How to complete this task: Give the count of lines in the records below that contain "Christmas", and say nothing more.

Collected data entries
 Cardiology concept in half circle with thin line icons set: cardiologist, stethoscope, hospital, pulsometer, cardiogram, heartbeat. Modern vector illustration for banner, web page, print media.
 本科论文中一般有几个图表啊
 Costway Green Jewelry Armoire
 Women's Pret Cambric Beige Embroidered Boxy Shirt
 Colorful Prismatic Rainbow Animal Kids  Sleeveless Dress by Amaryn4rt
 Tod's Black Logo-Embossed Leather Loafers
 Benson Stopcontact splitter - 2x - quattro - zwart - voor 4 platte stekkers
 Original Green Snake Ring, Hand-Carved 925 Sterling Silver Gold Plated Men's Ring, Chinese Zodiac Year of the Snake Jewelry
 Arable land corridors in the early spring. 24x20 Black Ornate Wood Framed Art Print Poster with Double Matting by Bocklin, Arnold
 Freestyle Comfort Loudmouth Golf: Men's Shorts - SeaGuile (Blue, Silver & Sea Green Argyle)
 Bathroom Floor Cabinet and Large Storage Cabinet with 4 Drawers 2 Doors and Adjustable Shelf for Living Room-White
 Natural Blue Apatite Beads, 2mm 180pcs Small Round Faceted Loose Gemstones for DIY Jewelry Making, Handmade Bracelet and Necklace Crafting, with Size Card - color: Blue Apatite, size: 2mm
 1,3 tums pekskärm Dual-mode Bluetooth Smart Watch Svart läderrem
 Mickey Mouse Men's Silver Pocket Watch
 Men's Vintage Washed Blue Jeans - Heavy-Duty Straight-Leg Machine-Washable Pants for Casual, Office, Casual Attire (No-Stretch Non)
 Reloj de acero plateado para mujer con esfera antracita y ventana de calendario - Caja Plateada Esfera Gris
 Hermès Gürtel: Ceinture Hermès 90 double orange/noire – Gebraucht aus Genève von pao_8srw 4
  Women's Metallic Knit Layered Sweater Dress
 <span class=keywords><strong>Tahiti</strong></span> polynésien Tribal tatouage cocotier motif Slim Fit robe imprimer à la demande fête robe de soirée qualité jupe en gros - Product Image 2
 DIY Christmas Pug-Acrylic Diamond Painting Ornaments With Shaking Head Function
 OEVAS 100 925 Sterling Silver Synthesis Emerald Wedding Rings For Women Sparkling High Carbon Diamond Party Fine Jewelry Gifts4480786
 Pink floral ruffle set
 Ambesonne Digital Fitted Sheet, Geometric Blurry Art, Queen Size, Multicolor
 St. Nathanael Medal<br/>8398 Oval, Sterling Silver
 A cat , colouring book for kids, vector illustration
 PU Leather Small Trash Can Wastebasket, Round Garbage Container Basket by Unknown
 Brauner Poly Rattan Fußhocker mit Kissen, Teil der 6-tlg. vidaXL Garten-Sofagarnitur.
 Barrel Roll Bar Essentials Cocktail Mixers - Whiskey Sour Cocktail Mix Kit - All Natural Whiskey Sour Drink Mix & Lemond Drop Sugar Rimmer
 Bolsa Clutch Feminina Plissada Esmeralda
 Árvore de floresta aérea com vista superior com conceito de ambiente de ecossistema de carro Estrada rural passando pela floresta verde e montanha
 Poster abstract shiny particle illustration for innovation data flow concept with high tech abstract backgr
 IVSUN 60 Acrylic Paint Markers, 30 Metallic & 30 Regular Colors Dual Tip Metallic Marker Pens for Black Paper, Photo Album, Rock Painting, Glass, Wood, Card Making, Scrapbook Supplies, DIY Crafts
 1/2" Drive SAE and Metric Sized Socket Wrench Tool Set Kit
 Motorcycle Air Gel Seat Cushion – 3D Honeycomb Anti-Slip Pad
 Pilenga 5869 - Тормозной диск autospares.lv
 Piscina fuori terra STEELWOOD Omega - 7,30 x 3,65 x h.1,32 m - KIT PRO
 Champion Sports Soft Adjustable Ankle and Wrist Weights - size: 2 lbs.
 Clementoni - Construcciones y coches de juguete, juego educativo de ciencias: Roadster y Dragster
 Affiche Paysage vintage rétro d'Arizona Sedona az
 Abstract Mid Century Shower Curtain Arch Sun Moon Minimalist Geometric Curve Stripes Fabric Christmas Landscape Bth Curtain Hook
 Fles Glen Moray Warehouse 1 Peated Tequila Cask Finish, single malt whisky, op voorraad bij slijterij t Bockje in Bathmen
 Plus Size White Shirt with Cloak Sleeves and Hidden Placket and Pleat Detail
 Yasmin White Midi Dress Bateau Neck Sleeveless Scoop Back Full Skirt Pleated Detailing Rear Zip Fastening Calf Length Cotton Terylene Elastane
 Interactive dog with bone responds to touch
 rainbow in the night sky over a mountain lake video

Result of the exercise: 2